> [Task item]:
Only the lines from the one with "Apartments Volarevic Blace Luaran gambar" to the end of the listing below should be set down, exactly as written and without any pictures.

> [Data records]:
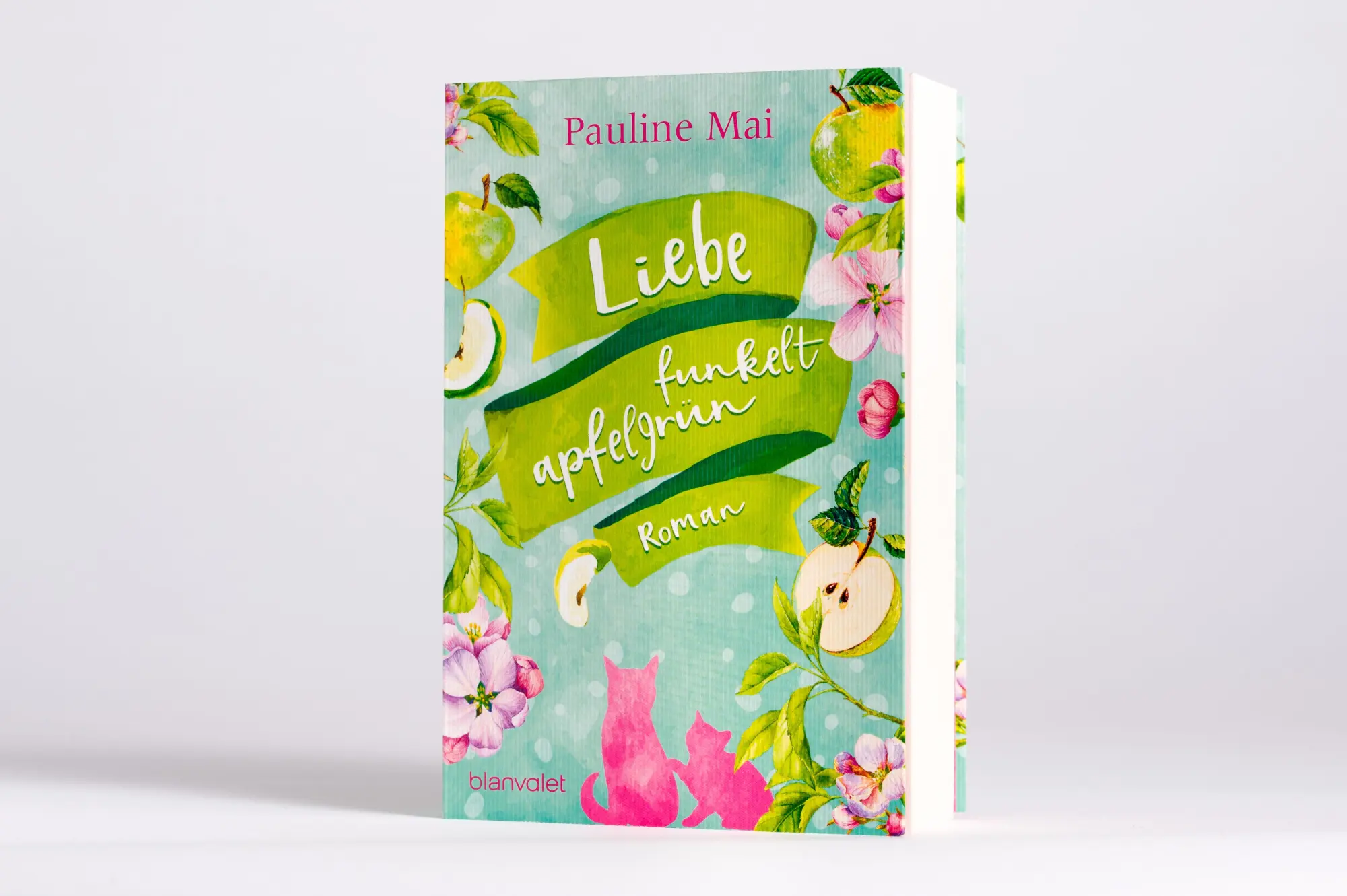 Bild: 9783734110535 | Liebe funkelt apfelgrün | Roman | Pauline Mai | Taschenbuch | 496 S.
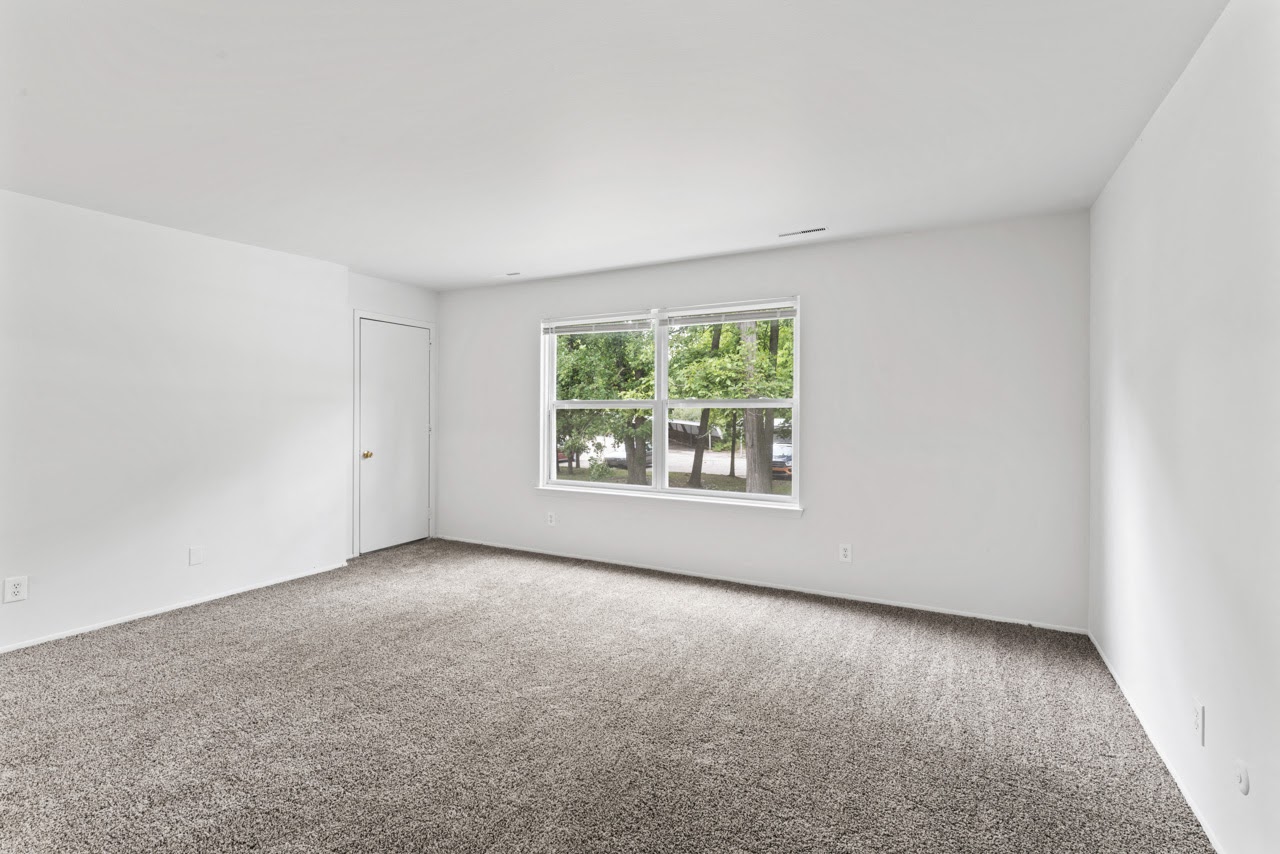 Apple Creek 2BR 2Ba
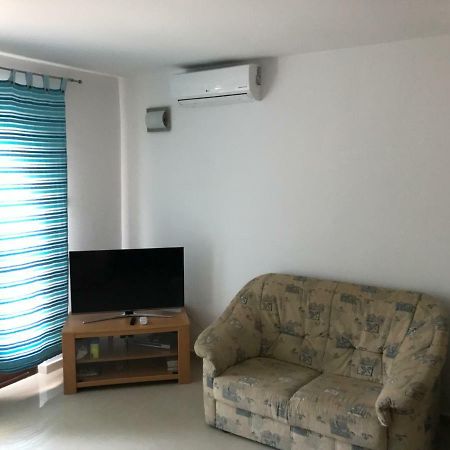 Apartments Volarevic Blace Luaran gambar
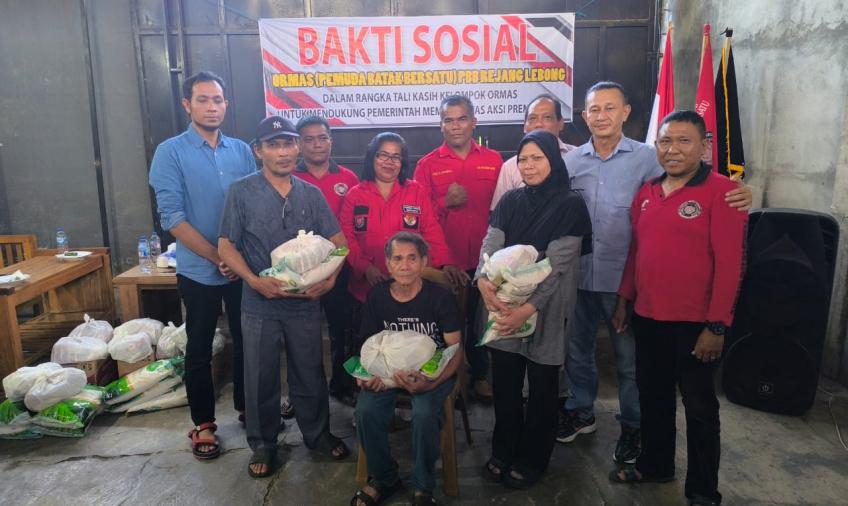 Pemuda Batak Bersatu Rejang Lebong Gelar Bhakti Sosial Bersama Polda Bengkulu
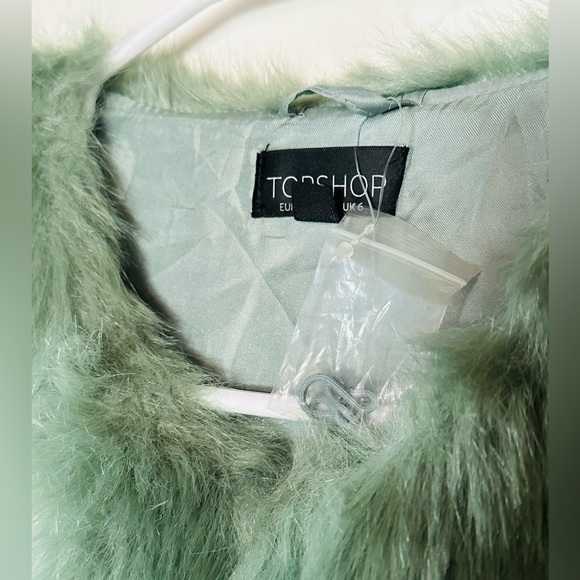 Top Shop faux fur vest - Picture 8 of 9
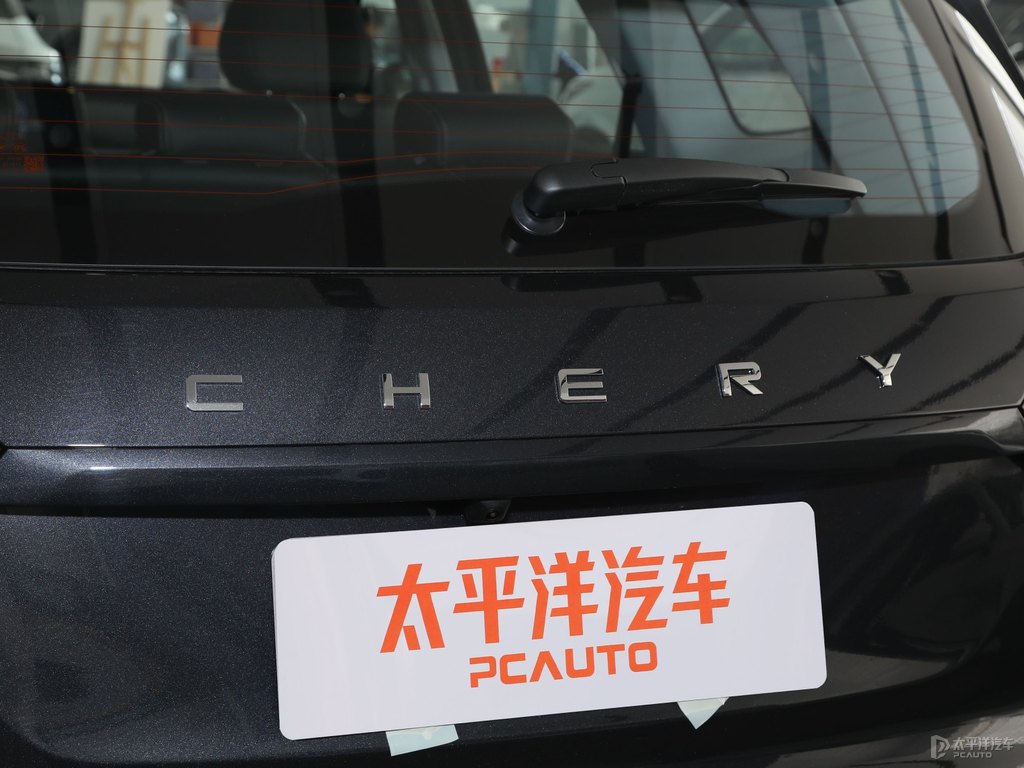 水星灰瑞虎8車尾外觀圖片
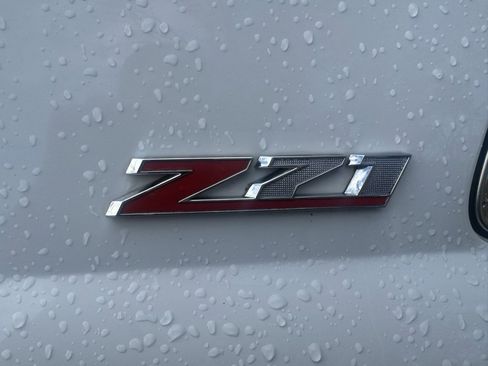 Used 2018 Chevrolet Tahoe LT image 11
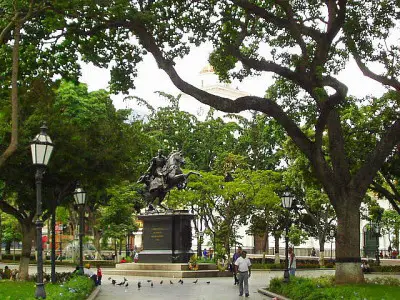 Plaza Bolivar : La place Bolivar à Caracas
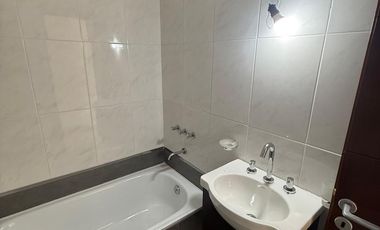 Departamento en alquiler en Adrogué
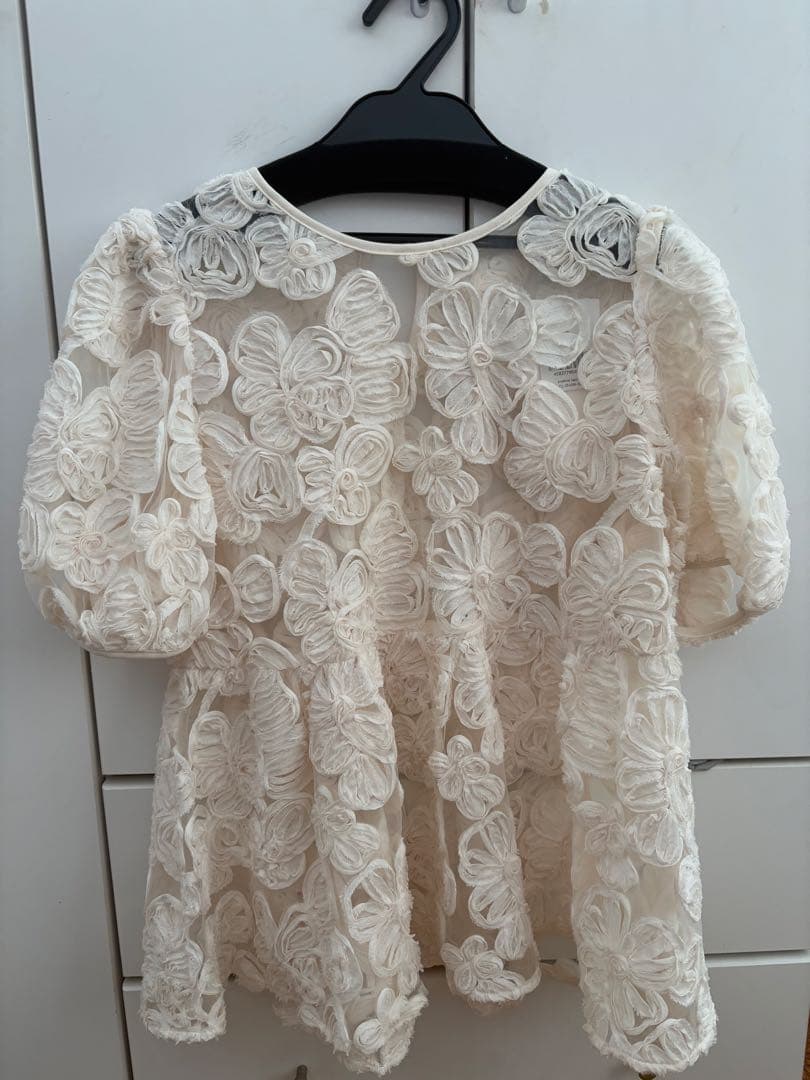 即日発送］orgue Flower embroidery blouse - メルカリ
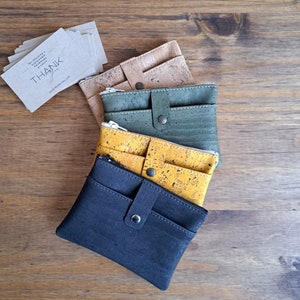 Customizable wallet/card holder, handmade from cork fabric, Many colors available, Ecological and sustainable gift for mom
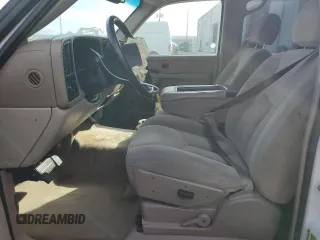 2006 Chevrolet Suburban LS with VIN 1GNEC16Z26J103424, listed as a Copart auction lot 77138094 with 234,259 mi miles and Salvage Title. Bid and sale history available at carsss.com. Image 7.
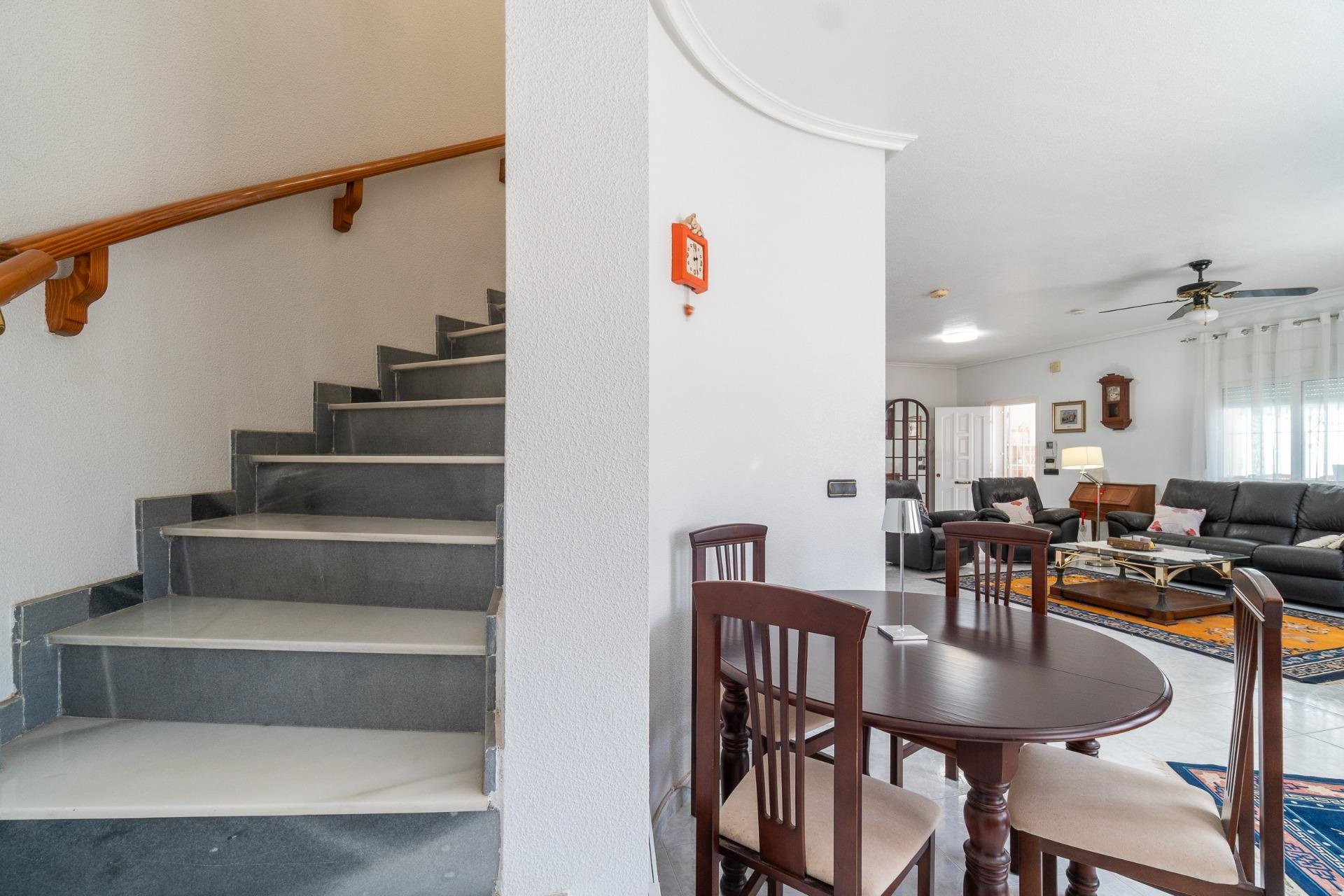 Wiederverkauf - Villa - Orihuela Costa - La Zenia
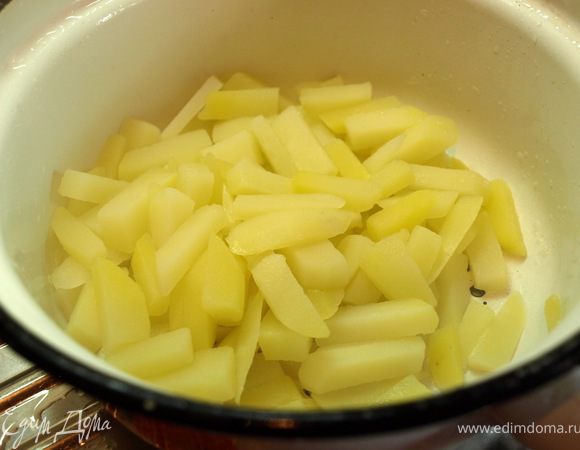 Картофель почистить, порезать ломтиками, как для фри, отварить до "почти готовности". Слить. Закинуть в бульон.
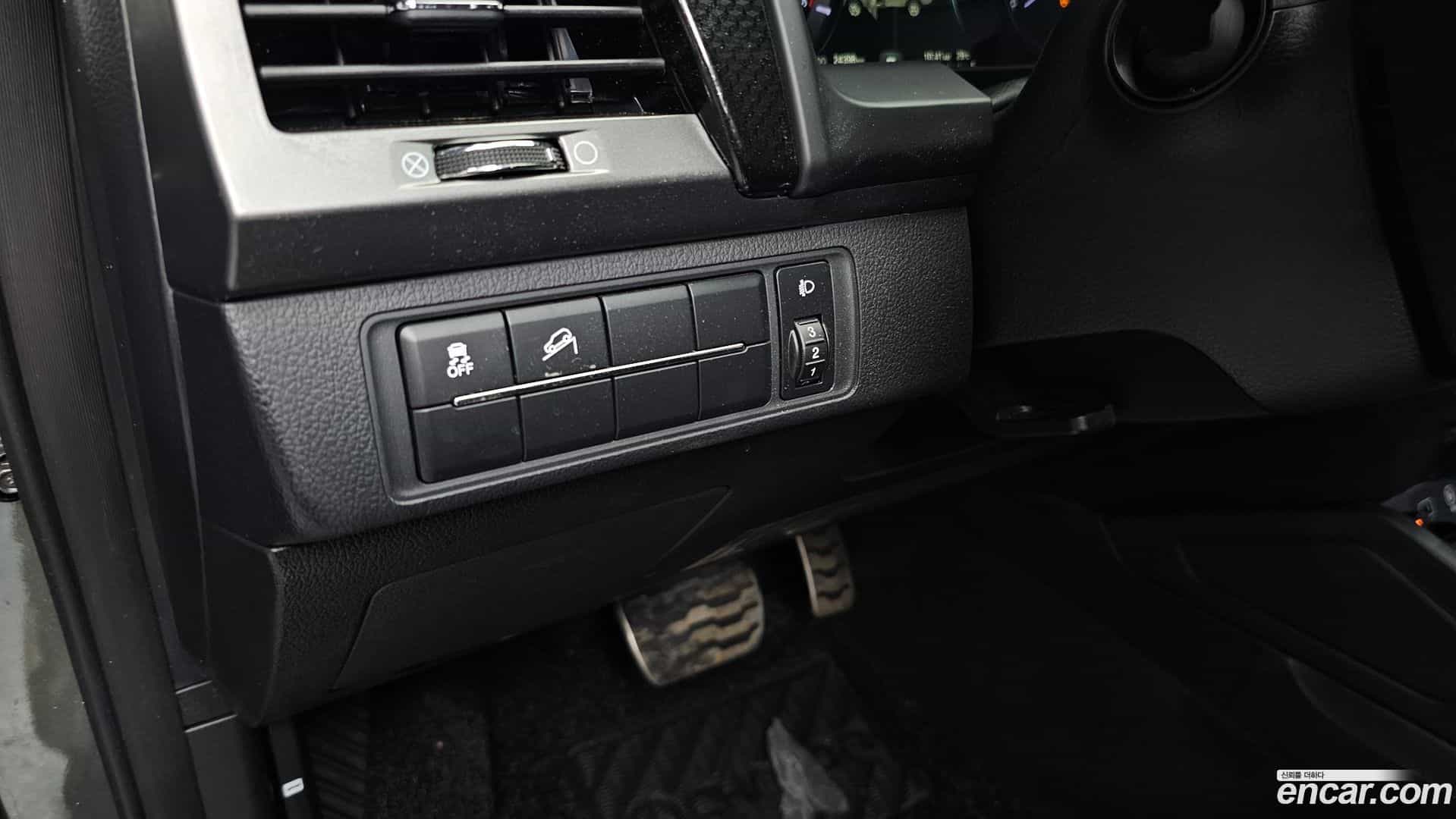 Rexton KG Mobility 2021.9-OPTION-040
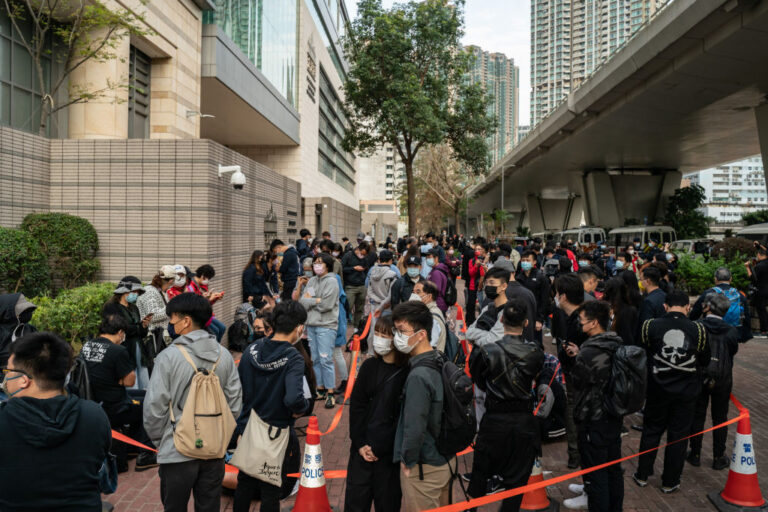 港律政司覆核保釋 47被告還押家屬痛哭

> [Answer for this exercise]:
 Apartments Volarevic Blace Luaran gambar
 Pemuda Batak Bersatu Rejang Lebong Gelar Bhakti Sosial Bersama Polda Bengkulu
 Top Shop faux fur vest - Picture 8 of 9
 水星灰瑞虎8車尾外觀圖片
 Used 2018 Chevrolet Tahoe LT image 11
 Plaza Bolivar : La place Bolivar à Caracas
 Departamento en alquiler en Adrogué
 即日発送］orgue Flower embroidery blouse - メルカリ
 Customizable wallet/card holder, handmade from cork fabric, Many colors available, Ecological and sustainable gift for mom
 2006 Chevrolet Suburban LS with VIN 1GNEC16Z26J103424, listed as a Copart auction lot 77138094 with 234,259 mi miles and Salvage Title. Bid and sale history available at carsss.com. Image 7.
 Wiederverkauf - Villa - Orihuela Costa - La Zenia
 Картофель почистить, порезать ломтиками, как для фри, отварить до "почти готовности". Слить. Закинуть в бульон.
 Rexton KG Mobility 2021.9-OPTION-040
 港律政司覆核保釋 47被告還押家屬痛哭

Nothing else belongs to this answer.